**EXERCISE BRIEF:** Repeat, exactly as written, all of the entries, but not their pictures.

**THE DATA:**
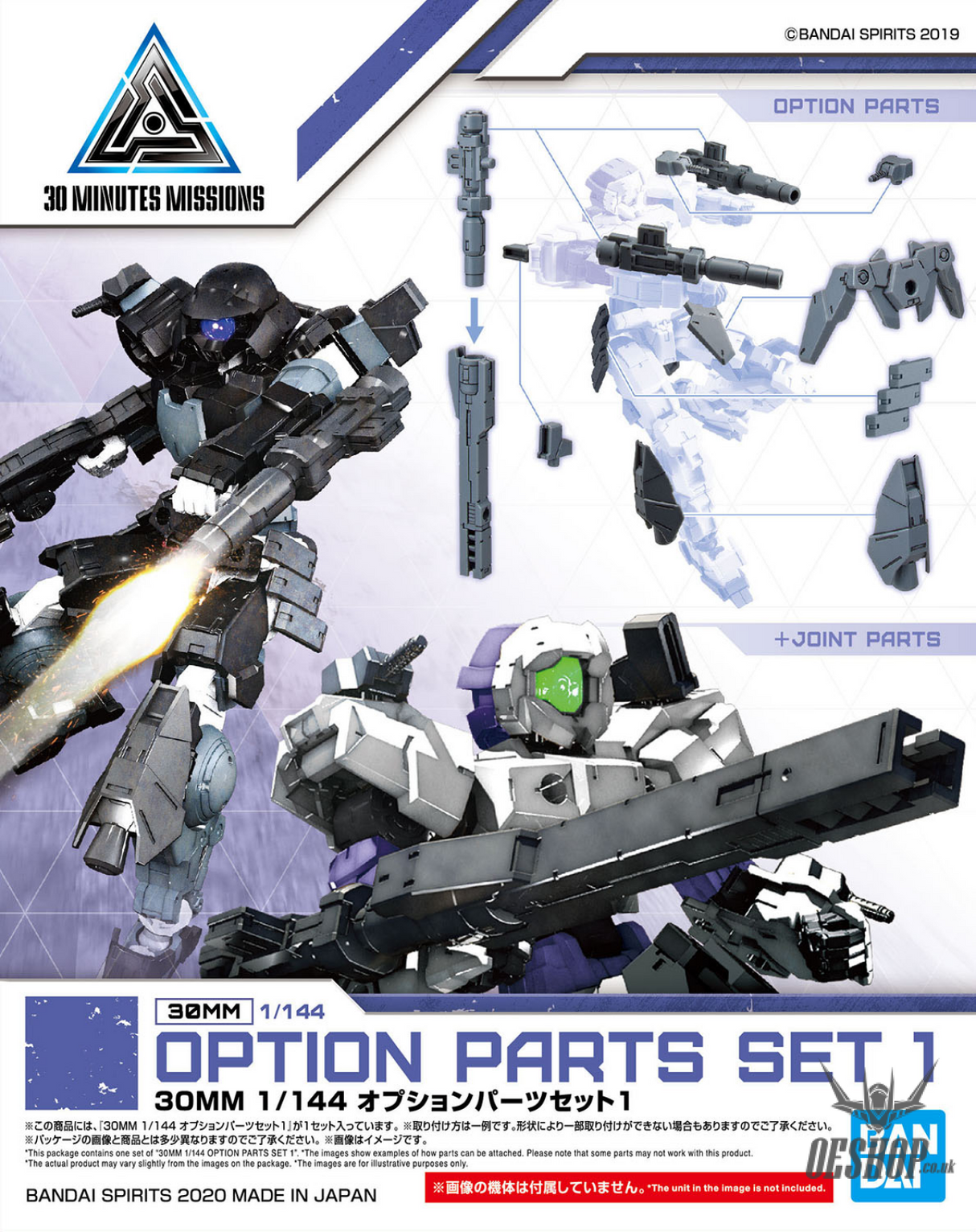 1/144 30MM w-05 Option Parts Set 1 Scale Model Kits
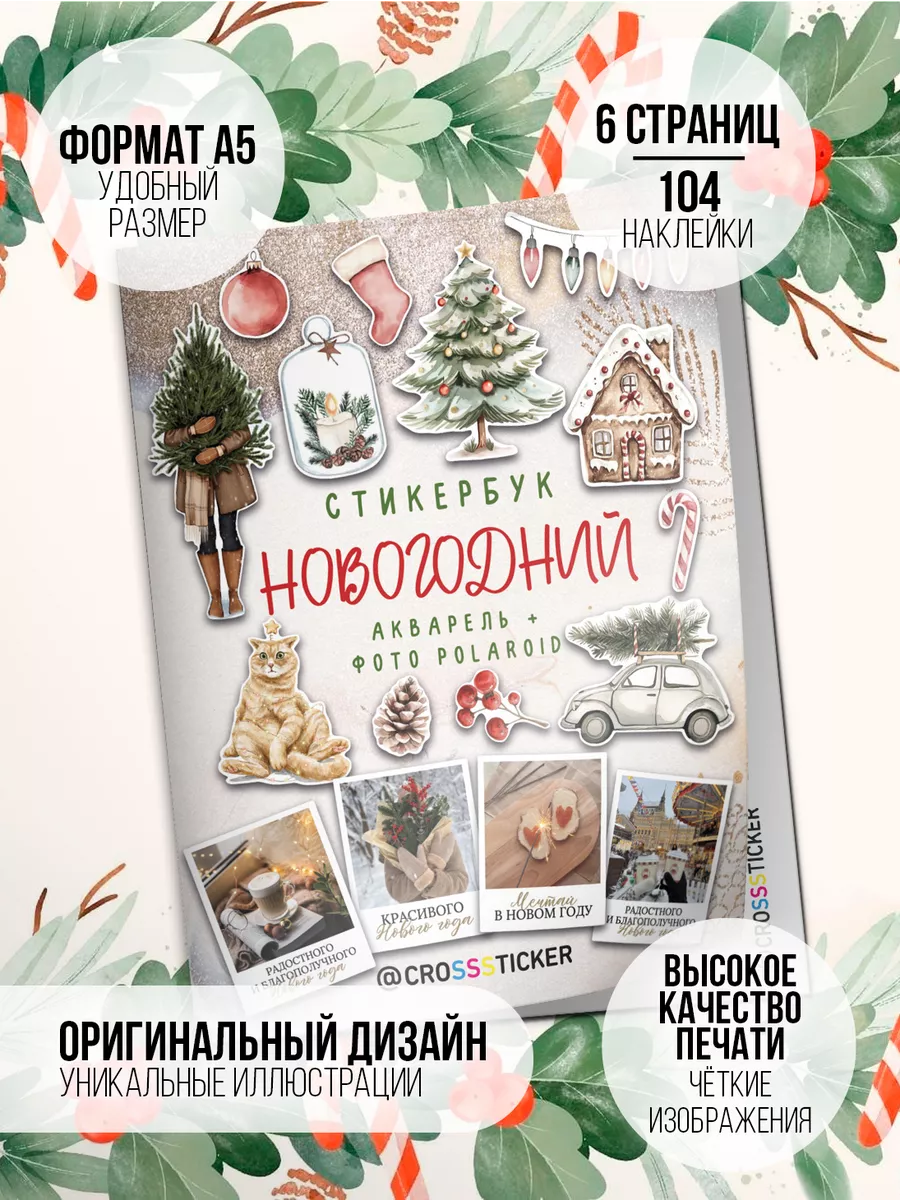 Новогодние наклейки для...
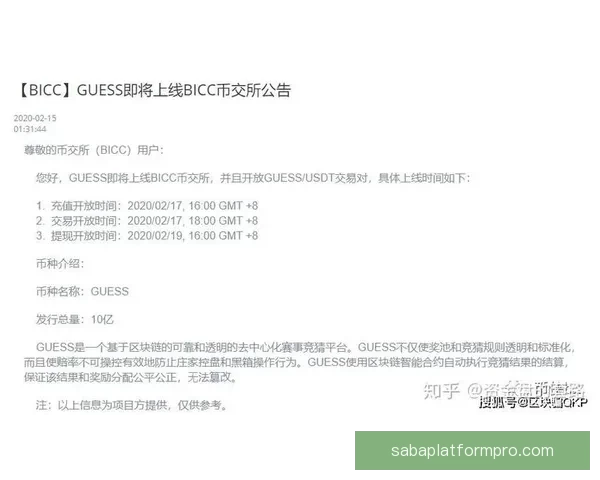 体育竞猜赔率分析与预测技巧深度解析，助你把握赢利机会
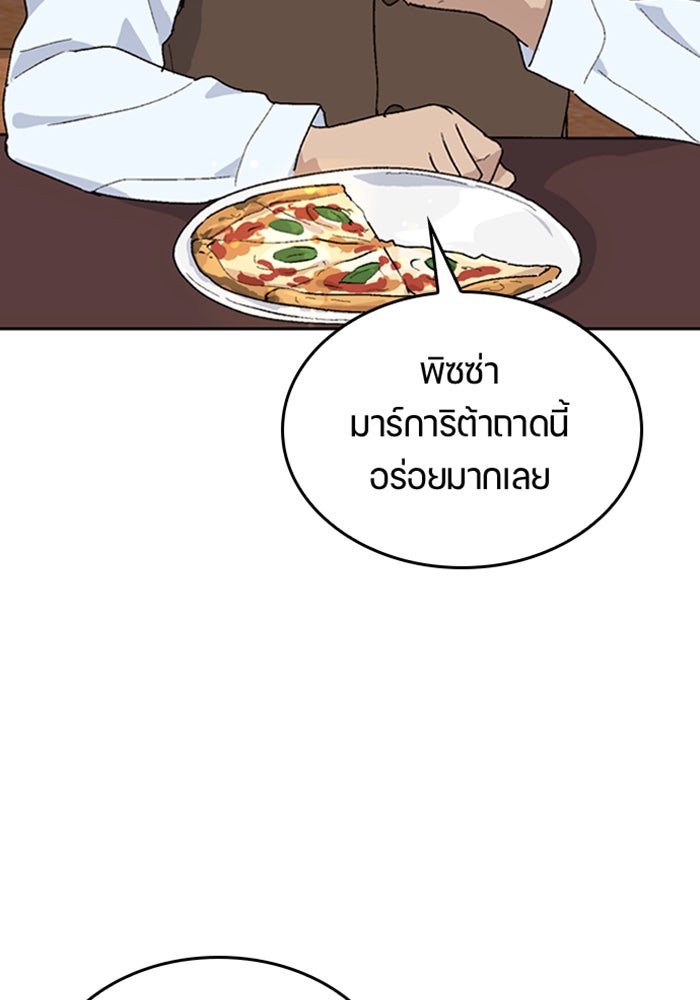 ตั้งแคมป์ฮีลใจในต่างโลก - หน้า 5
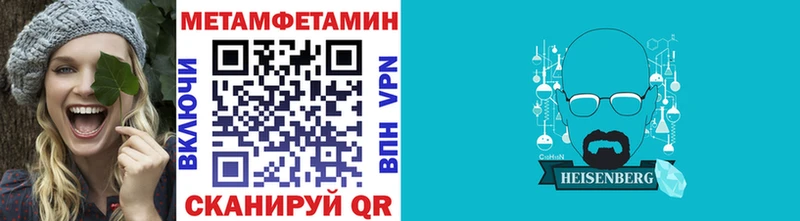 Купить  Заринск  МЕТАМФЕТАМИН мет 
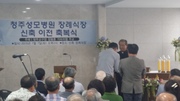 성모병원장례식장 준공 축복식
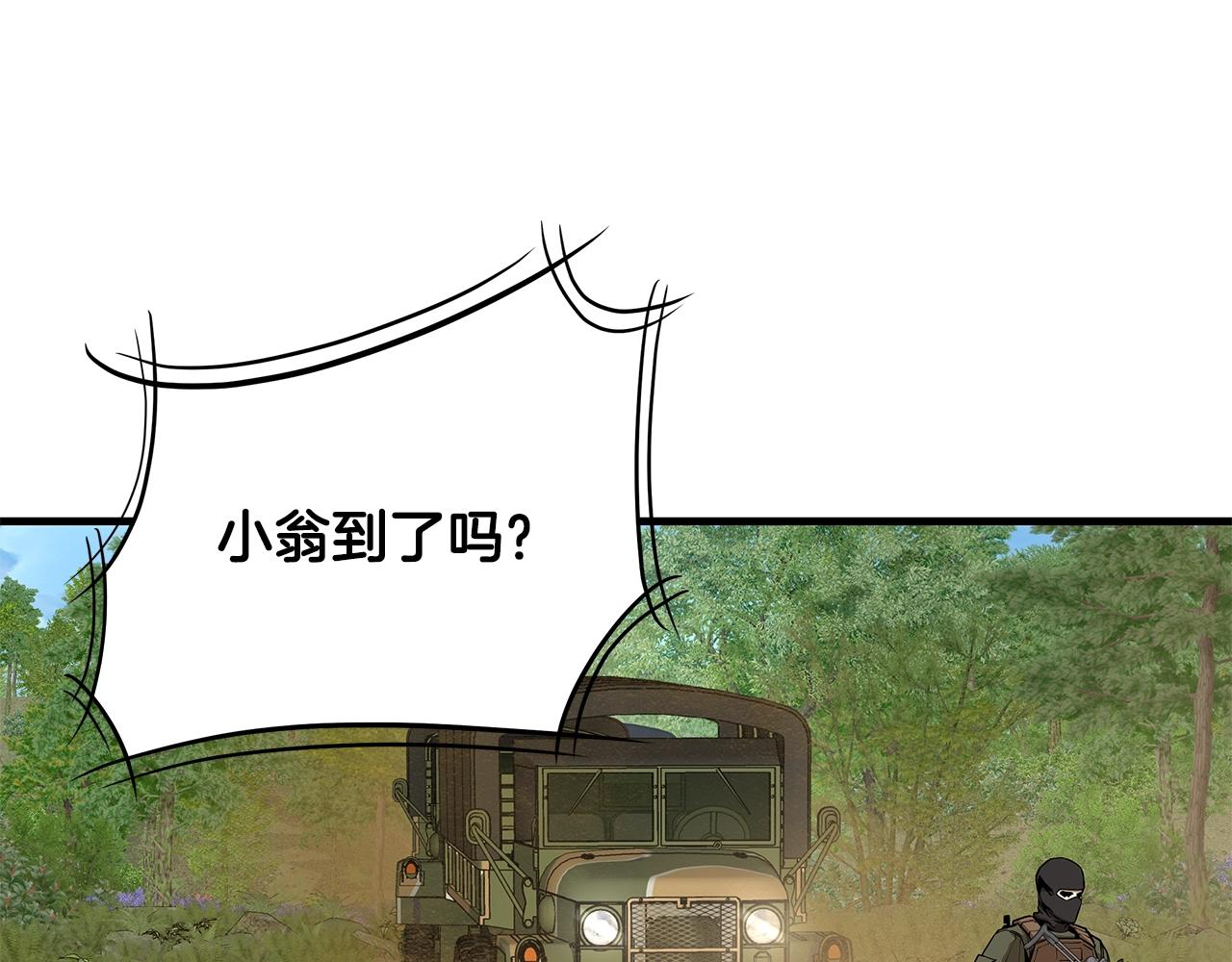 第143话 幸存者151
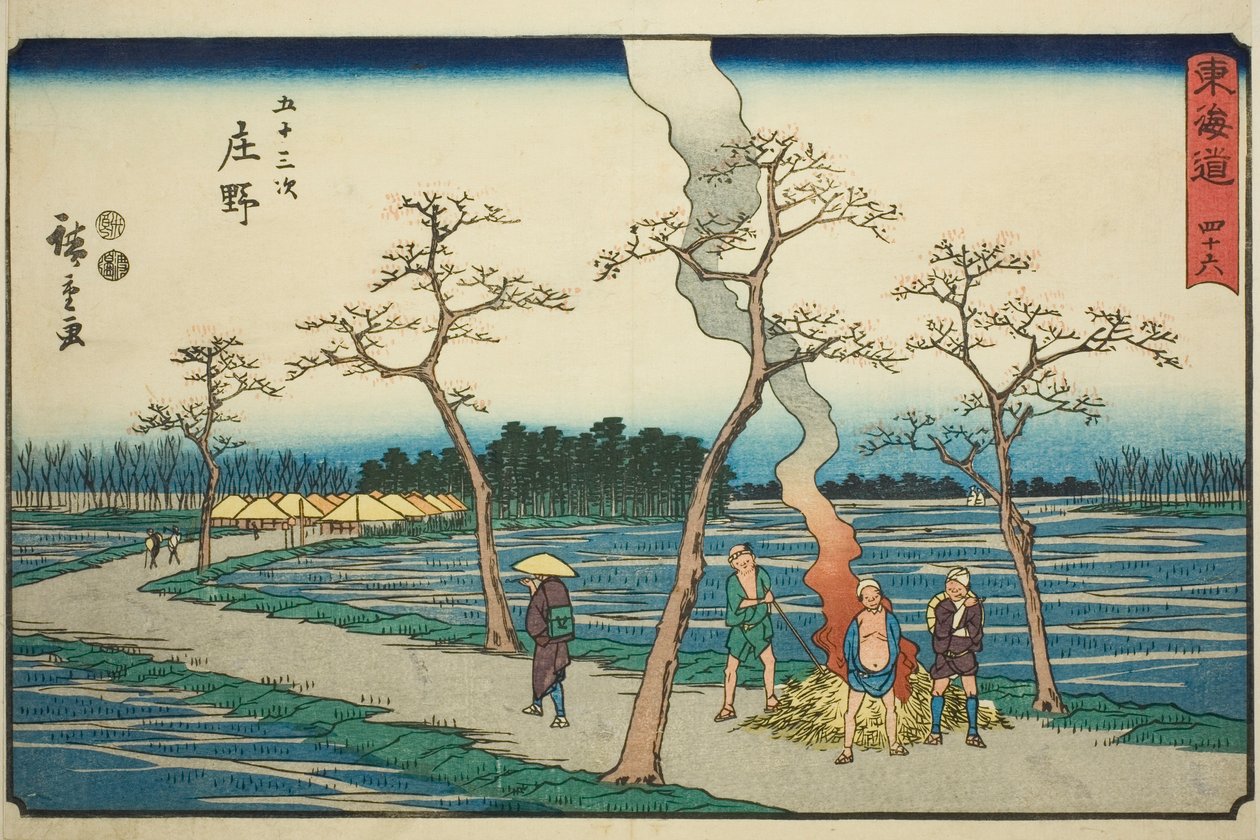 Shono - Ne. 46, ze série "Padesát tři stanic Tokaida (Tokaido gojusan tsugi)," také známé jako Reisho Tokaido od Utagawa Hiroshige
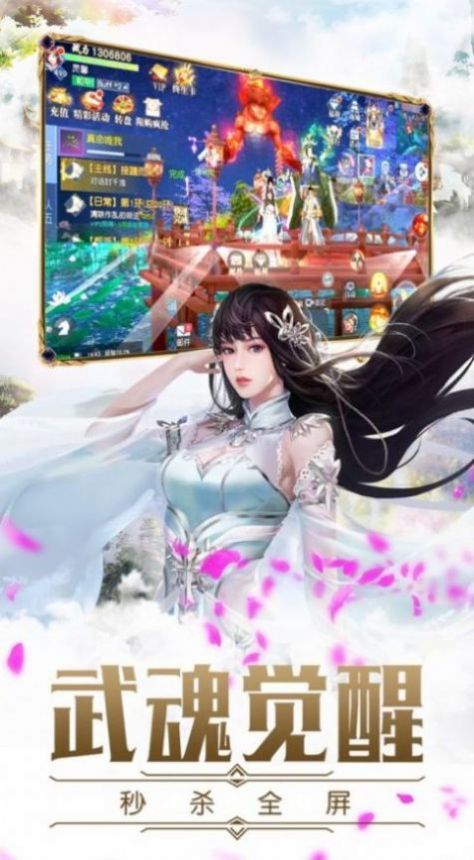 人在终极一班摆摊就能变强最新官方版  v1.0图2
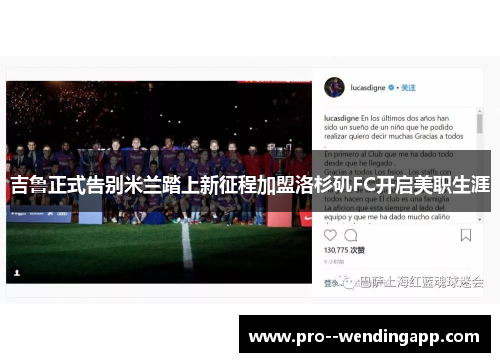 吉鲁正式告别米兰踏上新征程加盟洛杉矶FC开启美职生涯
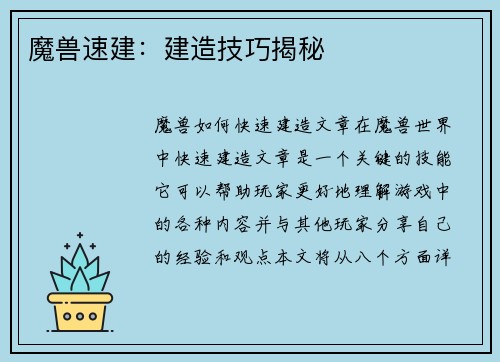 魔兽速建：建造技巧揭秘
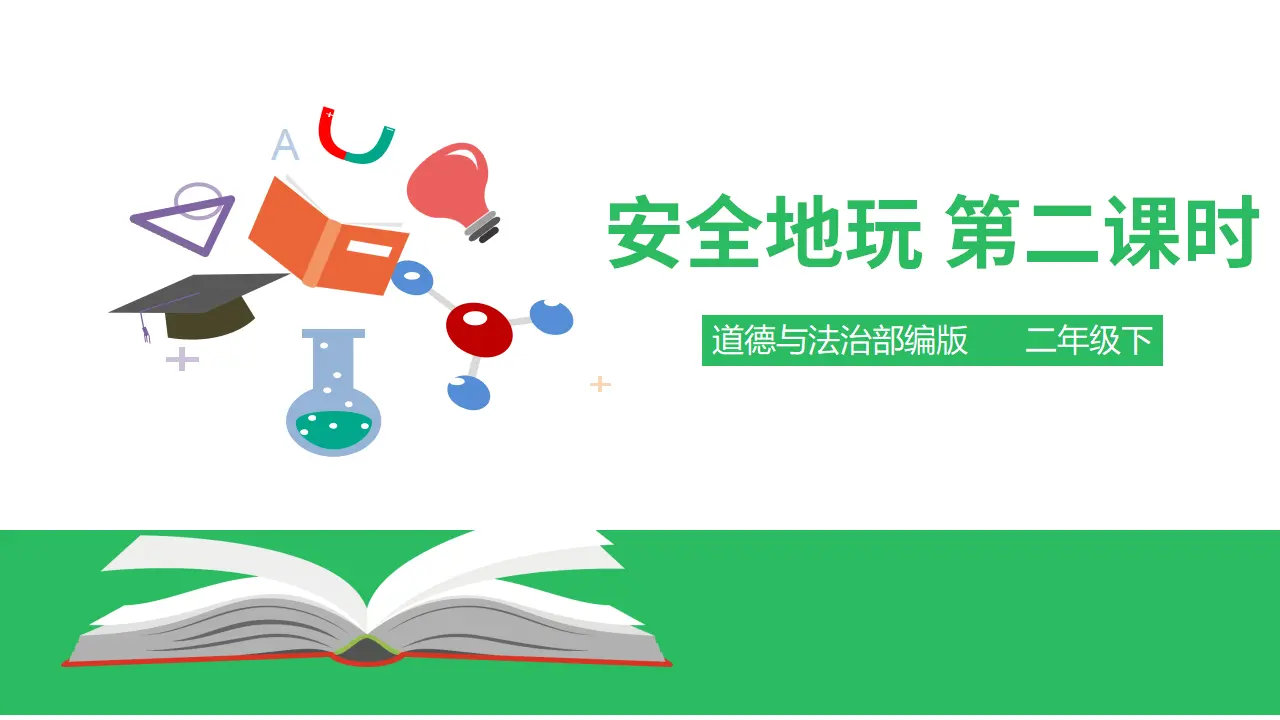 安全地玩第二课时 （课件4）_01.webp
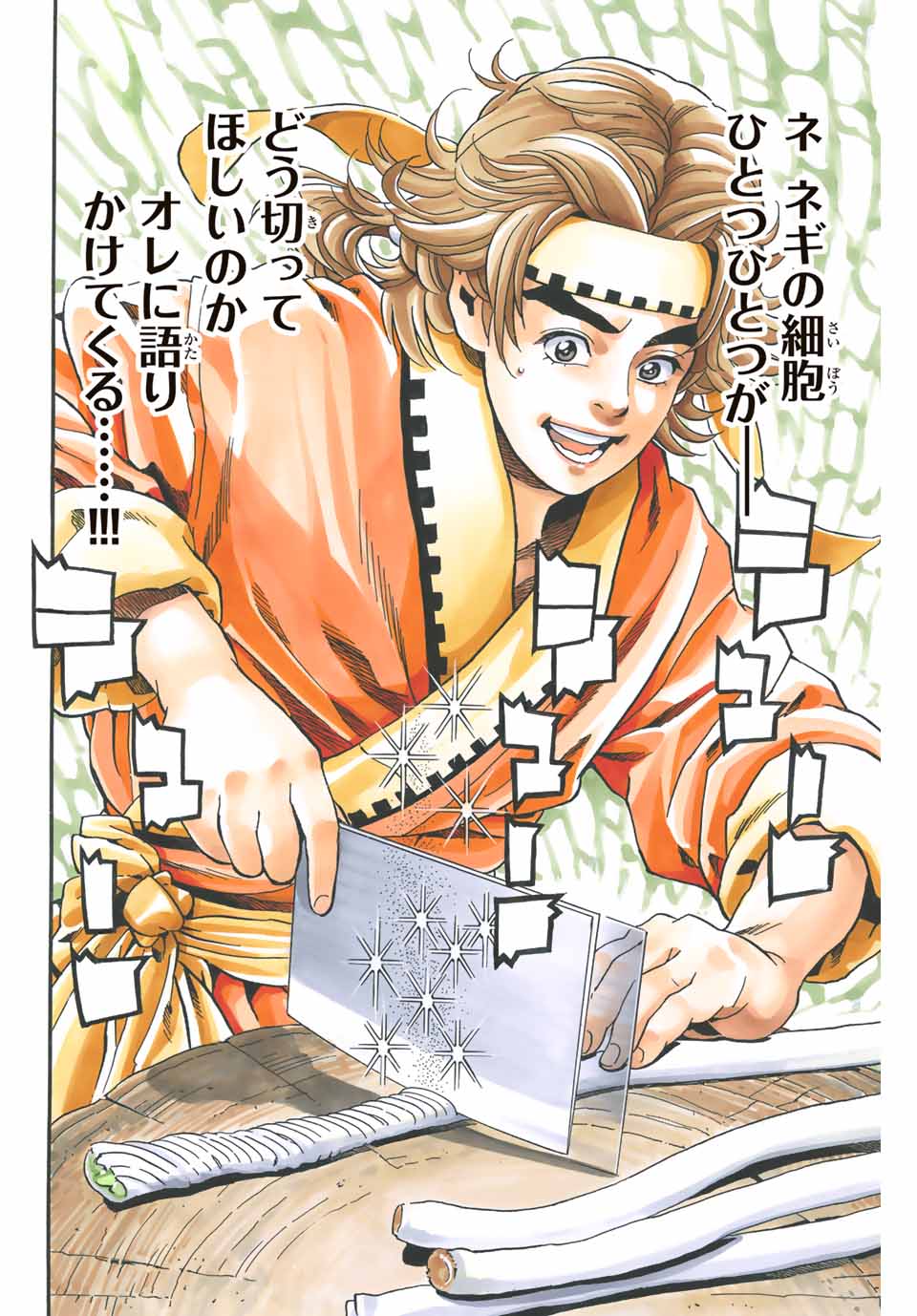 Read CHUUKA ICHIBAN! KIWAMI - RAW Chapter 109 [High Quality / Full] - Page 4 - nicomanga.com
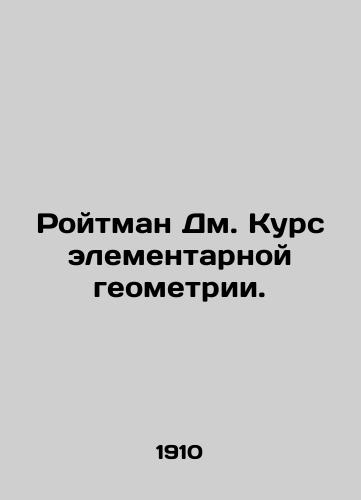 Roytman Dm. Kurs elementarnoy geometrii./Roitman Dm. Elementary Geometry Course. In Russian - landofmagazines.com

**EXERCISE OUTPUT:**
 1/144 30MM w-05 Option Parts Set 1 Scale Model Kits
 Новогодние наклейки для...
 体育竞猜赔率分析与预测技巧深度解析，助你把握赢利机会
 ตั้งแคมป์ฮีลใจในต่างโลก - หน้า 5
 Купить  Заринск  МЕТАМФЕТАМИН мет 
 성모병원장례식장 준공 축복식
 第143话 幸存者151
 Shono - Ne. 46, ze série "Padesát tři stanic Tokaida (Tokaido gojusan tsugi)," také známé jako Reisho Tokaido od Utagawa Hiroshige
 人在终极一班摆摊就能变强最新官方版  v1.0图2
 吉鲁正式告别米兰踏上新征程加盟洛杉矶FC开启美职生涯
 魔兽速建：建造技巧揭秘
 安全地玩第二课时 （课件4）_01.webp
 Read CHUUKA ICHIBAN! KIWAMI - RAW Chapter 109 [High Quality / Full] - Page 4 - nicomanga.com
 Roytman Dm. Kurs elementarnoy geometrii./Roitman Dm. Elementary Geometry Course. In Russian - landofmagazines.com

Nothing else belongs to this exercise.